The White House official eventually relented, Frumkin said, and he testified that humans faced significant public health risks as a result of climate change.

The CDC’s climate change work has already reduced mortality rates in Philadelphia as the city helps residents cope with increasingly extreme heat waves, Frumkin said. He called reducing that work as "jarring as if the CDC announced it would stop talking about infectious disease or cancer."
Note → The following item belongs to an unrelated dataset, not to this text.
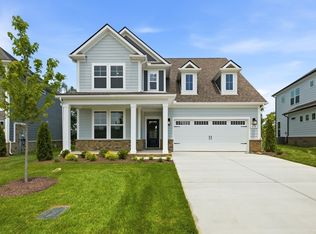 4154 Dream Beetle Loop, Rockvale, TN 37153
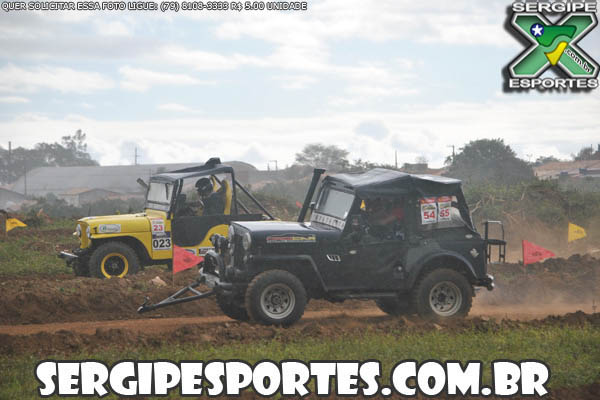 2jeepcrossgloria (247)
The danger is that a preliminary decision to back off climate research could signal that CDC leadership is not ready to take aggressive action on climate issues at a time when they are more important than ever, said Ed Maibach, director of the Center for Climate Change Communication at George Mason University.

He was scheduled to speak at the summit but was sent an email noting its cancellation.

"I’m concerned this is an act of self-sabotage on the part of the CDC," Maibach said. "The larger specter is that it will set the tone for self-silencing from the people at the top."